+++ STUDY MATERIAL
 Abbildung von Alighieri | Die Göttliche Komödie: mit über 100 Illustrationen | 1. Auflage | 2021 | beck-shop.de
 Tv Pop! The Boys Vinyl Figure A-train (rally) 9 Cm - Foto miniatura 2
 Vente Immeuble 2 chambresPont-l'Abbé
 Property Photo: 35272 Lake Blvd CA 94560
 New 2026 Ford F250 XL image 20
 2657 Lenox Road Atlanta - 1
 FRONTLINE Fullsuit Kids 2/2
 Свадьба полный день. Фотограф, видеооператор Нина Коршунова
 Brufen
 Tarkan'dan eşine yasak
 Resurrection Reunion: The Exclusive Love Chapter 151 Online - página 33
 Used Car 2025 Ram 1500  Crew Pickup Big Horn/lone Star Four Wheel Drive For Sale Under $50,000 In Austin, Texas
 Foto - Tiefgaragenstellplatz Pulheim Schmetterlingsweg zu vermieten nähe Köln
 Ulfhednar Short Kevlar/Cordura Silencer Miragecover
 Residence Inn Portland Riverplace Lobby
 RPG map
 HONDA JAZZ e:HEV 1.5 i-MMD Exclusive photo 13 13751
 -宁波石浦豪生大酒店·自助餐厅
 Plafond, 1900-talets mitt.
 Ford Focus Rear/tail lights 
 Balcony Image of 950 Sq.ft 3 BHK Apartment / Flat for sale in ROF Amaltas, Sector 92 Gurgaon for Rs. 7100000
++++++
**ACTIVITY:** Reproduce every line of the data exactly as it was written.

**TASK RESULT:**
 Abbildung von Alighieri | Die Göttliche Komödie: mit über 100 Illustrationen | 1. Auflage | 2021 | beck-shop.de
 Tv Pop! The Boys Vinyl Figure A-train (rally) 9 Cm - Foto miniatura 2
 Vente Immeuble 2 chambresPont-l'Abbé
 Property Photo: 35272 Lake Blvd CA 94560
 New 2026 Ford F250 XL image 20
 2657 Lenox Road Atlanta - 1
 FRONTLINE Fullsuit Kids 2/2
 Свадьба полный день. Фотограф, видеооператор Нина Коршунова
 Brufen
 Tarkan'dan eşine yasak
 Resurrection Reunion: The Exclusive Love Chapter 151 Online - página 33
 Used Car 2025 Ram 1500  Crew Pickup Big Horn/lone Star Four Wheel Drive For Sale Under $50,000 In Austin, Texas
 Foto - Tiefgaragenstellplatz Pulheim Schmetterlingsweg zu vermieten nähe Köln
 Ulfhednar Short Kevlar/Cordura Silencer Miragecover
 Residence Inn Portland Riverplace Lobby
 RPG map
 HONDA JAZZ e:HEV 1.5 i-MMD Exclusive photo 13 13751
 -宁波石浦豪生大酒店·自助餐厅
 Plafond, 1900-talets mitt.
 Ford Focus Rear/tail lights 
 Balcony Image of 950 Sq.ft 3 BHK Apartment / Flat for sale in ROF Amaltas, Sector 92 Gurgaon for Rs. 7100000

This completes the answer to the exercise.